The spatial distributions of chiral magnetic field in the RHIC and LHC energy regions

TL;DR

This paper analyzes the spatial variation and temporal evolution of magnetic fields generated in non-central heavy-ion collisions at RHIC and LHC energies, revealing inhomogeneous fields that decrease rapidly over time and are surprisingly weaker at higher energies.

Contribution

It provides a detailed analysis of the spatial distribution and energy dependence of magnetic fields in heavy-ion collisions, highlighting their rapid decay and inhomogeneity.

Findings

Magnetic fields are highly inhomogeneous and large immediately after collision.

Magnetic field strength decreases rapidly with time.

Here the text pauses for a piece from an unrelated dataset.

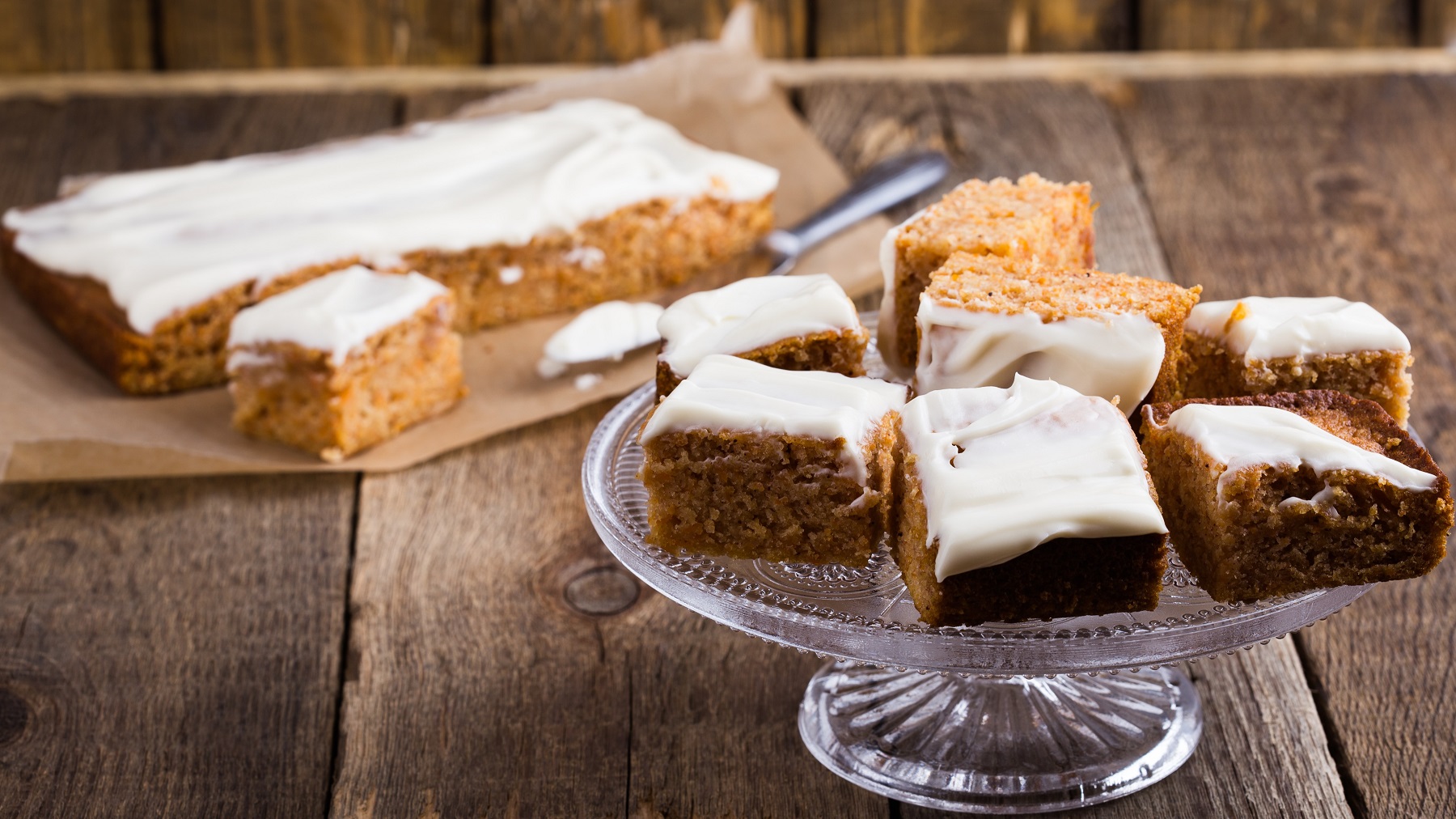 Eine Glasplatte mit einigen Stücken des Kuchens auf einem rustikalen Holztisch mit dem Blech und Kuchen im Hintergrund.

Magnetic fields are weaker at LHC energies compared to RHIC energies.

Abstract

Relativistic heavy-ion collisions can produce extremely strong magnetic field in the collision regions. The spatial variation features of the magnetic fields are analyzed in detail for non-central Pb - Pb collisions at LHC $\sqrt{s_{NN}}$= 900, 2760 and 7000 GeV and Au-Au collisions at RHIC $\sqrt{s_{NN}}$ = 62.4, 130 and 200 GeV. The dependencies of magnetic field on proper time, collision energies and impact parameters are investigated in this paper. It is shown that a enormous with highly inhomogeneous spatial distribution magnetic field can indeed be created in off-central relativistic heavy-ion collisions in RHIC and LHC energy regions. The enormous magnetic field is quite large, especially just after the collision, and then decreases rapidly with time. We are surprised to find that the magnetic effect decreases with increasing energy from RHIC to LHC energy region. It is found that the magnitude of magnetic field in the LHC energy region is far less than that of magnetic field in the RHIC energy region.